The number of people whose data was compromised quickly rose to 87 million by last April.
The data firm was also linked to then-presidential candidate Donald Trump. Trump’s campaign hired Cambridge Analytica to run data operations during the 2016 election. Steve Bannon, who would become Trump’s chief strategist, was also reportedly vice president of Cambridge Analytica’s board. The company helped the campaign identify voters to target with ads, and gave advice on how best to focus its approach, such as where to make campaign stops. It also helped with strategic communication, like what to say in speeches.
Number of people affected: 80 million
What happened: The hackers that infiltrated Anthem Insurance swiped the names, dates of birth, member ID, Social Security numbers, addresses and more of almost 80 million current (at the time) and former employees. Shortly after the hack was revealed, the attorney general accused Anthem of failing to communicate the gravity of the situation to customers. In June 2017, Anthem agreed to pay $115 million to settle the data breach class-action lawsuit from the 2015 hack.
When: 2013- 2014
Number of people affected: 3 billion
What happened: Yahoo users were urged to change their passwords after hackers stole personal information associated with about half a billion email accounts. At the time, the numbers made it the biggest data breach in history.

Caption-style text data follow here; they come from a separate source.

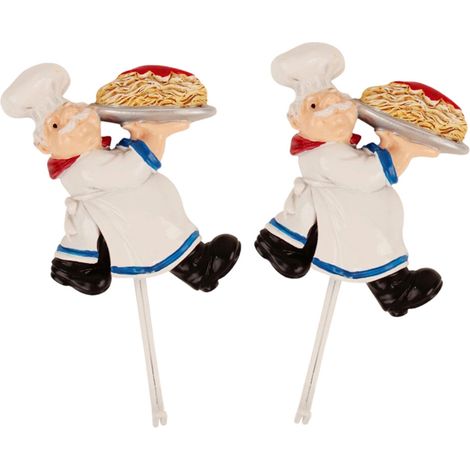 Ganci appendiabiti divertenti a tema cucina, -2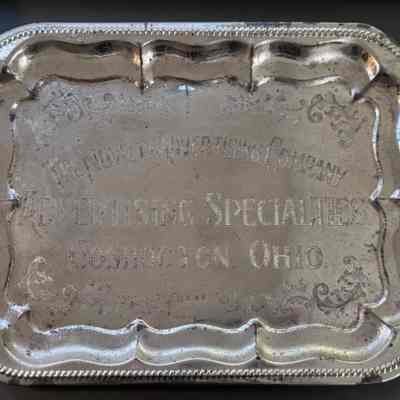 Advertising Specialties Silver Tray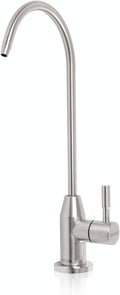 Besdor Drinking Water Faucet, Filtered Water Reverse Osmosis RO Faucet for Kitchen Sink, Non-Air Gap, Lead-Free, 304 Stainless Steel, Brushed Nickel (WF1)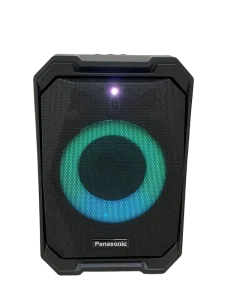 HiFi Portable Outdoor Bluetooth Speaker 5-inch Multi-Color Lights IPX Waterproof 2 UHF Wireless Mics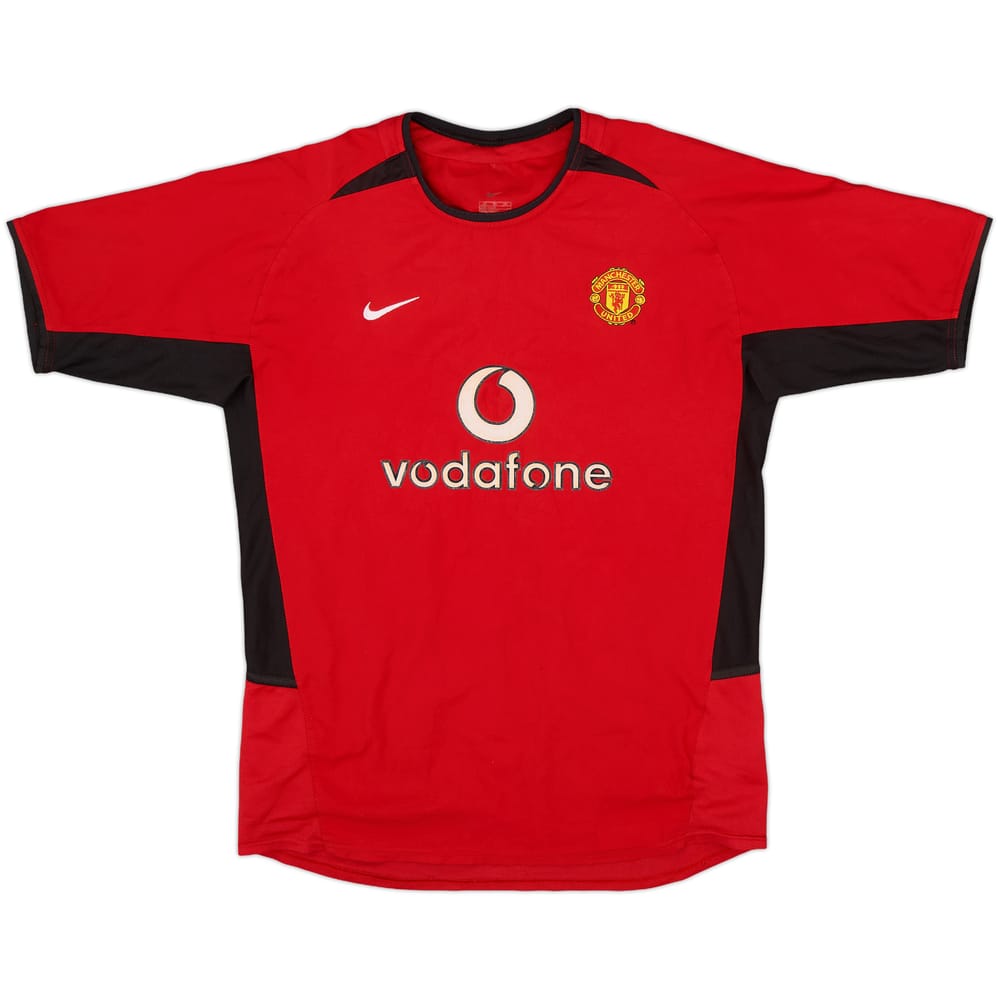 2002-04 Manchester United Home Shirt - 8/10 - (XL.Boys)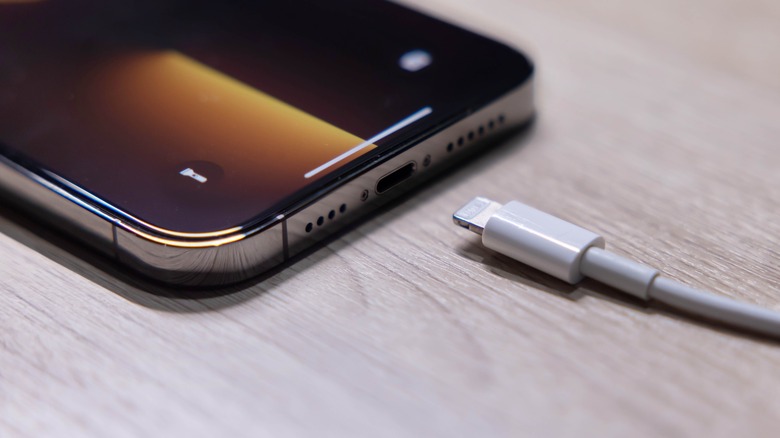 iPhone and the lightning connector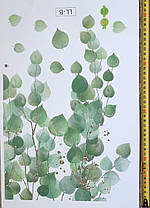 Наклейка на стіну Зелені рослини що звисають (лист 60 х 90 см) Б296-27, фото 3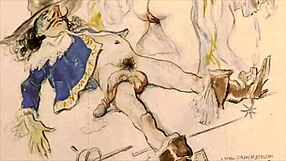 Wow, Check This Vintage Erotic Illustration Now!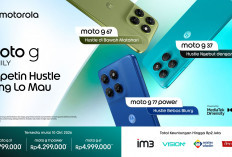 Motorola Guncang Pasar HP Indonesia! Moto g37, g77 Power dan g67 Punya Baterai Jumbo, Dolby Atmos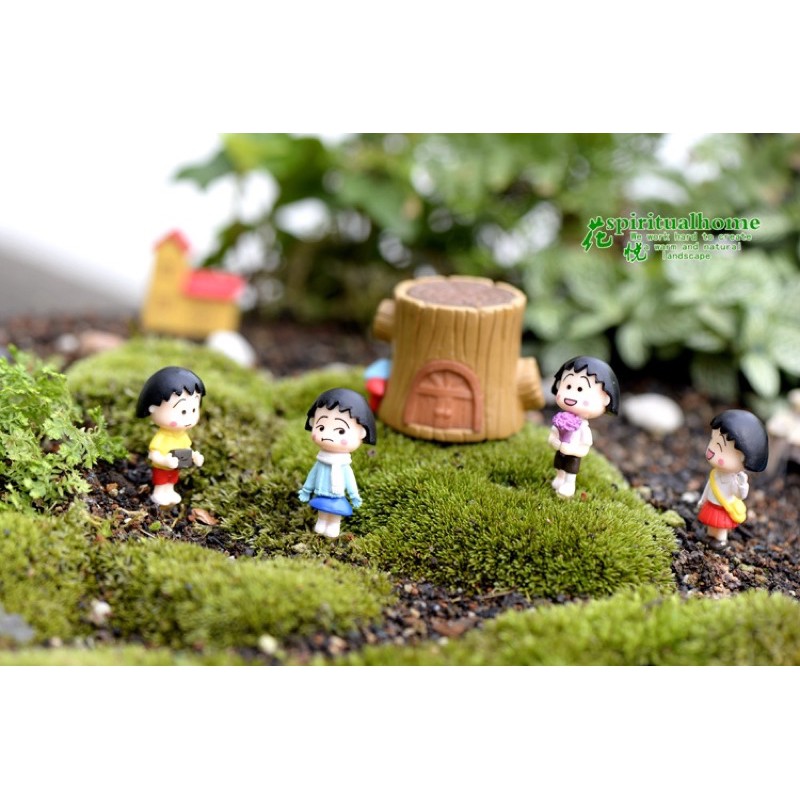 Cô Bé Maruko - phụ kiện trang trí tiểu cảnh sen đá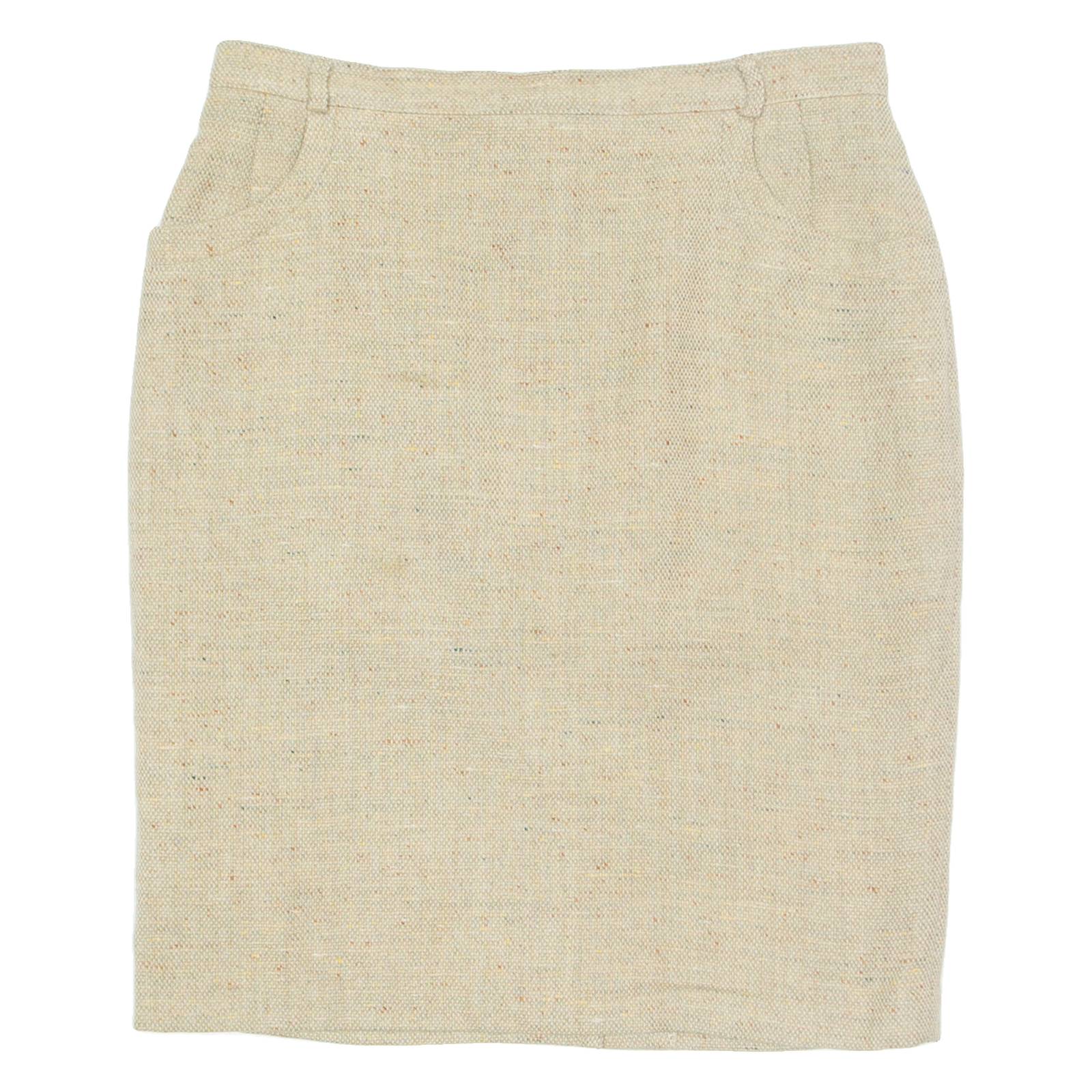 BURTON Womens Straight Skirt Beige Knee Length Wool M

Initially, the casualties were reported at 500 million, still making the hack the biggest in history. Yahoo slowlyraised the number but reported in 2017 that none of its 3 billion accounts had gone unscathed in the original breach. That’s 3 billion names, email addresses, telephone numbers, dates of birth, encrypted passwords and unencrypted security questions.
The culprit? A 23-year-old Russian hacker-for-hire named Karim Baratov. Baratov was sentenced to five years in prison, paid the victims restitution and $2.25 million in fines. Yahoo didn’t go without punishment either. The company had to pay $50 million in damages and provide credit monitoring for at least two years for about 200 million people who’d been hacked.